It makes total sense that it’s slow-going because I feel like I am just about holding myself together since the Anita catastrophe and need to be especially careful not to trigger any landmines and blow myself up. I am very aware of how precariously balanced my ‘coping’ is especially with the really active suicidal thoughts over Christmas. After what’s happened with the Em, Anita, and Hannah it’s easy to feel like the situations I have ended up in are a ‘me’ problem and I am super conscious of not wanting to be ‘too much’ for Elle. I need Elle right now so let’s not fuck that up RB.

For a long while I have been trying to figure out what Elle thinks and feels – as I say, trying to gauge what is safe to bring. She tells me what she’s feeling about me sometimes – usually if I ask. I am pretty sure she thinks that having told me that I am ‘delightful’ among other nice compliments and giving several reassurances, alongside being consistently ‘there’ and warm that I must KNOW, by now, that she likes me and that it is safe with her.

Ha! You’d think! But, sadly, not! This is me and my system…I’m the one who literally spends the beginning of every session like it’s our first. ‘Who is this woman (today)? Is it ok?‘ I just can’t hold onto Elle in my mind at all from week to week. Big whoop for my object permanence skills  – not! It’s fucking tragic. But, actually, recently I realised that so much of how I view Elle in the room is filtering through the lens of where I am at. If I feel anxious and insecure I’ll be looking super hard for her seeming far away or  disconnected… and I’ll convince myself that’s what’s happening – when actually she’s not either of those things.

I can’t always realise this in the moment but oftentimes after a session if I listen back, I hear things in a different way, and this is really helpful. Basically, things are never as disastrous as I might feel. In fact, it’s all pretty good. I just don’t feel it in the moment – and this is actually because so many parts aren’t allowed out. It’s those parts that are having a horrible time because they aren’t getting seen and so for them these sessions are completely disconnected and painful. I am starting to figure a way round this…again.

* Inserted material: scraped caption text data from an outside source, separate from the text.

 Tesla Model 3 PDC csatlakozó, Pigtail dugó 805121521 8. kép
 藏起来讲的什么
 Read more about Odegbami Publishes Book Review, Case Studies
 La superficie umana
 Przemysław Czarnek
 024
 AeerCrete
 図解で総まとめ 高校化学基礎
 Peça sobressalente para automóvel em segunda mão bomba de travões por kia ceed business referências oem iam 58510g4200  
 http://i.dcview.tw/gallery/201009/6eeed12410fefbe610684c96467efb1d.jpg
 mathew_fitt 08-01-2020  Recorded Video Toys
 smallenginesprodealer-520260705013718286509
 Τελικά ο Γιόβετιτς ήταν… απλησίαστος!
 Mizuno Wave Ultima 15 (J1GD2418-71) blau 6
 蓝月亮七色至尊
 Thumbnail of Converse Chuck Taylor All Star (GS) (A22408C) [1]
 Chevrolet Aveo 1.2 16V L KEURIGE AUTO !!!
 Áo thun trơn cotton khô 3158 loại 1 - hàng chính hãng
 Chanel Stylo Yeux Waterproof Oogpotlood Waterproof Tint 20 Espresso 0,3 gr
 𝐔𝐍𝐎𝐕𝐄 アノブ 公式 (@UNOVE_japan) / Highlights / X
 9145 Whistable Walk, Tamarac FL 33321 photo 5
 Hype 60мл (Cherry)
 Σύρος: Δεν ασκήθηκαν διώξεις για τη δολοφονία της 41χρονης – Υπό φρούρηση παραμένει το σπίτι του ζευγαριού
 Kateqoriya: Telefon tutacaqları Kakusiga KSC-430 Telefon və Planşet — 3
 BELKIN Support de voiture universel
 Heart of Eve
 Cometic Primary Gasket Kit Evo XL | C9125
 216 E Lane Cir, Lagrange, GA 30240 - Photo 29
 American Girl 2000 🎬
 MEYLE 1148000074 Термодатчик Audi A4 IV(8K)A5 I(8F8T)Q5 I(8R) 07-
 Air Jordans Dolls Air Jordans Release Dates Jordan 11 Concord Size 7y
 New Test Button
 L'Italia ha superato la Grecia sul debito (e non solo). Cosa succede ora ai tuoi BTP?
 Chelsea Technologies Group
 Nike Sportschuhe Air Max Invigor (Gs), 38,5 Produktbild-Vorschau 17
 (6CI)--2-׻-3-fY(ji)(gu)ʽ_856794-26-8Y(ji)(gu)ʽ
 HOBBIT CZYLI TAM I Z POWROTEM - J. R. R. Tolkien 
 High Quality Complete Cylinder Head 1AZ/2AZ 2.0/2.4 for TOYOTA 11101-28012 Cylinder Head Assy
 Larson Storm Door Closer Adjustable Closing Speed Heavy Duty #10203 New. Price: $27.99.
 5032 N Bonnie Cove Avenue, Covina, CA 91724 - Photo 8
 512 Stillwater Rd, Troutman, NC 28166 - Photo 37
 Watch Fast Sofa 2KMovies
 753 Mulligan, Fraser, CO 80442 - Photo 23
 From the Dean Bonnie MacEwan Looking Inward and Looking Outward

Still, one of the very good things about Elle (and there are plenty) is that she can read… and gets exactly what I am saying when I share something with her in writing. I realise, now, how much of a hindrance that was with Anita. I communicate best in writing – ha! – and so having a therapist that was so severely dyslexic that she couldn’t really read my stuff meant I either didn’t say what I wanted or had to record a voice note – ugh. It is actually really freeing to be able to have a bit of a meltdown and write and then share it with Elle knowing that even if I can’t bring stuff into the room right now it can at least be expressed and then make it in later – I can forewarn Elle about the state of things and give her a really clear heads up.

Elle and I have a reasonable amount of outside contact, and this goes some way to alleviating the anxiety I feel between sessions. I only see her once a week and it’s quite an adjustment going from two sessions that bookend the week with Anita to this. We do a ninety-minute session and, honestly, this is sooooo much better than an hour for me because … well… *waves hands desperately* this is how I am. But I still find Fridays pretty rough, and I think actually I might see if Elle and I can figure out some way of officially checking in then to make the panic a bit less.  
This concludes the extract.